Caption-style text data
※

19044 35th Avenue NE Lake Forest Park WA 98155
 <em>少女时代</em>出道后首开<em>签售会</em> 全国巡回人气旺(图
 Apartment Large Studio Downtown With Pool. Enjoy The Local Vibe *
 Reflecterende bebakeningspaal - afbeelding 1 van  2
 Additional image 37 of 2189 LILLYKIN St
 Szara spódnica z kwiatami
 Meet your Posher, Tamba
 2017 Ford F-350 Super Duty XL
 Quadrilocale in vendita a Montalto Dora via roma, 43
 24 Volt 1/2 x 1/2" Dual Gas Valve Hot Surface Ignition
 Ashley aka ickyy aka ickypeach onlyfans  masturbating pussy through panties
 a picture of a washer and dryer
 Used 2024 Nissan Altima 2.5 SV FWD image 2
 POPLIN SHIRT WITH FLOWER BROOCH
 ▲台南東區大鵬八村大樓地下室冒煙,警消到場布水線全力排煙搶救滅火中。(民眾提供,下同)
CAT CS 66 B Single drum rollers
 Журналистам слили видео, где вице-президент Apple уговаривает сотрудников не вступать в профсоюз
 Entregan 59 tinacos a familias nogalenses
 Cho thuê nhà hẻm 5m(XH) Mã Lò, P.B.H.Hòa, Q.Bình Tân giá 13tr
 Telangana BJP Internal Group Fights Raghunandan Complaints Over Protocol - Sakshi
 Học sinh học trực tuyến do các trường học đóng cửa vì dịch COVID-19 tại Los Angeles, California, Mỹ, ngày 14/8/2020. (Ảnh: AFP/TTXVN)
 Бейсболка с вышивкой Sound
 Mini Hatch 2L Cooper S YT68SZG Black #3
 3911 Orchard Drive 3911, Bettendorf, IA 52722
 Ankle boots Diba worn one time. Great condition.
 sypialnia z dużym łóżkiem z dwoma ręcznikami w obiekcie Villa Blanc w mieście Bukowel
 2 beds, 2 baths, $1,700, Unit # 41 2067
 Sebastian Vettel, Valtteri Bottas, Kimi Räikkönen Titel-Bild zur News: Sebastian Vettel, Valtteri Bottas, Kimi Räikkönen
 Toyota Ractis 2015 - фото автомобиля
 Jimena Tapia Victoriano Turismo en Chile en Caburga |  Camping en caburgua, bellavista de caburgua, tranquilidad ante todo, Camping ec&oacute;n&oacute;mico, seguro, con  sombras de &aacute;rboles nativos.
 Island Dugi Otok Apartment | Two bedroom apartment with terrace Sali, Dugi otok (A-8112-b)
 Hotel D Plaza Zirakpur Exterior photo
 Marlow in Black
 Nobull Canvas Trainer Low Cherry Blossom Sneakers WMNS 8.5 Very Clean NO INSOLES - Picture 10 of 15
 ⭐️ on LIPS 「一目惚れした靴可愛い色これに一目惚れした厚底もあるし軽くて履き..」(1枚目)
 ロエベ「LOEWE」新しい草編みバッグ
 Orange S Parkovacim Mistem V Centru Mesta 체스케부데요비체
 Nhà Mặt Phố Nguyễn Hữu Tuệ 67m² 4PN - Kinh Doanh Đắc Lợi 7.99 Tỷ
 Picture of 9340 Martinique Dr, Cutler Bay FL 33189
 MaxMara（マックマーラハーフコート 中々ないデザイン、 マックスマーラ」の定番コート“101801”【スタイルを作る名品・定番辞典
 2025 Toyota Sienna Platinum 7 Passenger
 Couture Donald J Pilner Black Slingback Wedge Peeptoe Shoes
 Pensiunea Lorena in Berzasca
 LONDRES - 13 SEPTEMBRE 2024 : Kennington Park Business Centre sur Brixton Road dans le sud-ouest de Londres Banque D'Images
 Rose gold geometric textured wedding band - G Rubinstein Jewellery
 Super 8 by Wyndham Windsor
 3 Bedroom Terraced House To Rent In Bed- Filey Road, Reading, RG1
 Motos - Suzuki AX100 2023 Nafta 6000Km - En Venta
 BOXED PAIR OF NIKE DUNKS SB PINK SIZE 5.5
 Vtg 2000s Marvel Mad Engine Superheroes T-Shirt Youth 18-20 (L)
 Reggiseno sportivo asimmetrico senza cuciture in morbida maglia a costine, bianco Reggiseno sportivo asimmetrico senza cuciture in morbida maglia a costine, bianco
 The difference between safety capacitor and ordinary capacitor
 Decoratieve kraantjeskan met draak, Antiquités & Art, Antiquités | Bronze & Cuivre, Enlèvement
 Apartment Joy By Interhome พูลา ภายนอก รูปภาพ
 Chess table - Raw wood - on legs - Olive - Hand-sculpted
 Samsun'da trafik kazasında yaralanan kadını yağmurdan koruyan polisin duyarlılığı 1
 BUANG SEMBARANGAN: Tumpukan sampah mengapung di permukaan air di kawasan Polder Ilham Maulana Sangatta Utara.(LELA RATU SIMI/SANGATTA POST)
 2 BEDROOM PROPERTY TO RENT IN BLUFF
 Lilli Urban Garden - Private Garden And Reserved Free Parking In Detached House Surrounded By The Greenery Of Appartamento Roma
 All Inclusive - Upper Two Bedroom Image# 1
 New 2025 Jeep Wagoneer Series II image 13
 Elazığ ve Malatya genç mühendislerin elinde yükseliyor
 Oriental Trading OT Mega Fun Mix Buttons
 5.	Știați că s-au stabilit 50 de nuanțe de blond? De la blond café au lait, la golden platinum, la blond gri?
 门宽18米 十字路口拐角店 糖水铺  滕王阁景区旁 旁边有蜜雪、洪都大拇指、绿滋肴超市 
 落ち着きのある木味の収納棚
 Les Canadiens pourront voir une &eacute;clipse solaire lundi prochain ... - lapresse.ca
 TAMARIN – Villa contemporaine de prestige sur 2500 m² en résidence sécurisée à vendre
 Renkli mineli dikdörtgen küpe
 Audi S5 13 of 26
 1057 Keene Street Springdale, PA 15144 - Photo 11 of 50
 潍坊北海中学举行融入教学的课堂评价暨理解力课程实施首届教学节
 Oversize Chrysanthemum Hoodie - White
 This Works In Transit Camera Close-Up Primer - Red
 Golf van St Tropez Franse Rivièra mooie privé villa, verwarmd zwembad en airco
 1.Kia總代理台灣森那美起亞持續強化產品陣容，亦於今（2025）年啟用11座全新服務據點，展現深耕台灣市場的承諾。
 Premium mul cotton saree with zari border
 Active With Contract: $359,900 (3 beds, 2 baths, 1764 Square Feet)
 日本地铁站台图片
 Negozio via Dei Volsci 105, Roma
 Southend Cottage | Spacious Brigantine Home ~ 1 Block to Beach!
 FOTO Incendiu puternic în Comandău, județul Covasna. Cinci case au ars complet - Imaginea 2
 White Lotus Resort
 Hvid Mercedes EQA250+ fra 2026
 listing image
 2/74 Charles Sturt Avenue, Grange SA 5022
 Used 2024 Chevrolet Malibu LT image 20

※

Task objective
All lines from the records above should be copied exactly.

Answer to the exercise
19044 35th Avenue NE Lake Forest Park WA 98155
 <em>少女时代</em>出道后首开<em>签售会</em> 全国巡回人气旺(图
 Apartment Large Studio Downtown With Pool. Enjoy The Local Vibe *
 Reflecterende bebakeningspaal - afbeelding 1 van  2
 Additional image 37 of 2189 LILLYKIN St
 Szara spódnica z kwiatami
 Meet your Posher, Tamba
 2017 Ford F-350 Super Duty XL
 Quadrilocale in vendita a Montalto Dora via roma, 43
 24 Volt 1/2 x 1/2" Dual Gas Valve Hot Surface Ignition
 Ashley aka ickyy aka ickypeach onlyfans  masturbating pussy through panties
 a picture of a washer and dryer
 Used 2024 Nissan Altima 2.5 SV FWD image 2
 POPLIN SHIRT WITH FLOWER BROOCH
 ▲台南東區大鵬八村大樓地下室冒煙,警消到場布水線全力排煙搶救滅火中。(民眾提供,下同)
CAT CS 66 B Single drum rollers
 Журналистам слили видео, где вице-президент Apple уговаривает сотрудников не вступать в профсоюз
 Entregan 59 tinacos a familias nogalenses
 Cho thuê nhà hẻm 5m(XH) Mã Lò, P.B.H.Hòa, Q.Bình Tân giá 13tr
 Telangana BJP Internal Group Fights Raghunandan Complaints Over Protocol - Sakshi
 Học sinh học trực tuyến do các trường học đóng cửa vì dịch COVID-19 tại Los Angeles, California, Mỹ, ngày 14/8/2020. (Ảnh: AFP/TTXVN)
 Бейсболка с вышивкой Sound
 Mini Hatch 2L Cooper S YT68SZG Black #3
 3911 Orchard Drive 3911, Bettendorf, IA 52722
 Ankle boots Diba worn one time. Great condition.
 sypialnia z dużym łóżkiem z dwoma ręcznikami w obiekcie Villa Blanc w mieście Bukowel
 2 beds, 2 baths, $1,700, Unit # 41 2067
 Sebastian Vettel, Valtteri Bottas, Kimi Räikkönen Titel-Bild zur News: Sebastian Vettel, Valtteri Bottas, Kimi Räikkönen
 Toyota Ractis 2015 - фото автомобиля
 Jimena Tapia Victoriano Turismo en Chile en Caburga |  Camping en caburgua, bellavista de caburgua, tranquilidad ante todo, Camping ec&oacute;n&oacute;mico, seguro, con  sombras de &aacute;rboles nativos.
 Island Dugi Otok Apartment | Two bedroom apartment with terrace Sali, Dugi otok (A-8112-b)
 Hotel D Plaza Zirakpur Exterior photo
 Marlow in Black
 Nobull Canvas Trainer Low Cherry Blossom Sneakers WMNS 8.5 Very Clean NO INSOLES - Picture 10 of 15
 ⭐️ on LIPS 「一目惚れした靴可愛い色これに一目惚れした厚底もあるし軽くて履き..」(1枚目)
 ロエベ「LOEWE」新しい草編みバッグ
 Orange S Parkovacim Mistem V Centru Mesta 체스케부데요비체
 Nhà Mặt Phố Nguyễn Hữu Tuệ 67m² 4PN - Kinh Doanh Đắc Lợi 7.99 Tỷ
 Picture of 9340 Martinique Dr, Cutler Bay FL 33189
 MaxMara（マックマーラハーフコート 中々ないデザイン、 マックスマーラ」の定番コート“101801”【スタイルを作る名品・定番辞典
 2025 Toyota Sienna Platinum 7 Passenger
 Couture Donald J Pilner Black Slingback Wedge Peeptoe Shoes
 Pensiunea Lorena in Berzasca
 LONDRES - 13 SEPTEMBRE 2024 : Kennington Park Business Centre sur Brixton Road dans le sud-ouest de Londres Banque D'Images
 Rose gold geometric textured wedding band - G Rubinstein Jewellery
 Super 8 by Wyndham Windsor
 3 Bedroom Terraced House To Rent In Bed- Filey Road, Reading, RG1
 Motos - Suzuki AX100 2023 Nafta 6000Km - En Venta
 BOXED PAIR OF NIKE DUNKS SB PINK SIZE 5.5
 Vtg 2000s Marvel Mad Engine Superheroes T-Shirt Youth 18-20 (L)
 Reggiseno sportivo asimmetrico senza cuciture in morbida maglia a costine, bianco Reggiseno sportivo asimmetrico senza cuciture in morbida maglia a costine, bianco
 The difference between safety capacitor and ordinary capacitor
 Decoratieve kraantjeskan met draak, Antiquités & Art, Antiquités | Bronze & Cuivre, Enlèvement
 Apartment Joy By Interhome พูลา ภายนอก รูปภาพ
 Chess table - Raw wood - on legs - Olive - Hand-sculpted
 Samsun'da trafik kazasında yaralanan kadını yağmurdan koruyan polisin duyarlılığı 1
 BUANG SEMBARANGAN: Tumpukan sampah mengapung di permukaan air di kawasan Polder Ilham Maulana Sangatta Utara.(LELA RATU SIMI/SANGATTA POST)
 2 BEDROOM PROPERTY TO RENT IN BLUFF
 Lilli Urban Garden - Private Garden And Reserved Free Parking In Detached House Surrounded By The Greenery Of Appartamento Roma
 All Inclusive - Upper Two Bedroom Image# 1
 New 2025 Jeep Wagoneer Series II image 13
 Elazığ ve Malatya genç mühendislerin elinde yükseliyor
 Oriental Trading OT Mega Fun Mix Buttons
 5.	Știați că s-au stabilit 50 de nuanțe de blond? De la blond café au lait, la golden platinum, la blond gri?
 门宽18米 十字路口拐角店 糖水铺  滕王阁景区旁 旁边有蜜雪、洪都大拇指、绿滋肴超市 
 落ち着きのある木味の収納棚
 Les Canadiens pourront voir une &eacute;clipse solaire lundi prochain ... - lapresse.ca
 TAMARIN – Villa contemporaine de prestige sur 2500 m² en résidence sécurisée à vendre
 Renkli mineli dikdörtgen küpe
 Audi S5 13 of 26
 1057 Keene Street Springdale, PA 15144 - Photo 11 of 50
 潍坊北海中学举行融入教学的课堂评价暨理解力课程实施首届教学节
 Oversize Chrysanthemum Hoodie - White
 This Works In Transit Camera Close-Up Primer - Red
 Golf van St Tropez Franse Rivièra mooie privé villa, verwarmd zwembad en airco
 1.Kia總代理台灣森那美起亞持續強化產品陣容，亦於今（2025）年啟用11座全新服務據點，展現深耕台灣市場的承諾。
 Premium mul cotton saree with zari border
 Active With Contract: $359,900 (3 beds, 2 baths, 1764 Square Feet)
 日本地铁站台图片
 Negozio via Dei Volsci 105, Roma
 Southend Cottage | Spacious Brigantine Home ~ 1 Block to Beach!
 FOTO Incendiu puternic în Comandău, județul Covasna. Cinci case au ars complet - Imaginea 2
 White Lotus Resort
 Hvid Mercedes EQA250+ fra 2026
 listing image
 2/74 Charles Sturt Avenue, Grange SA 5022
 Used 2024 Chevrolet Malibu LT image 20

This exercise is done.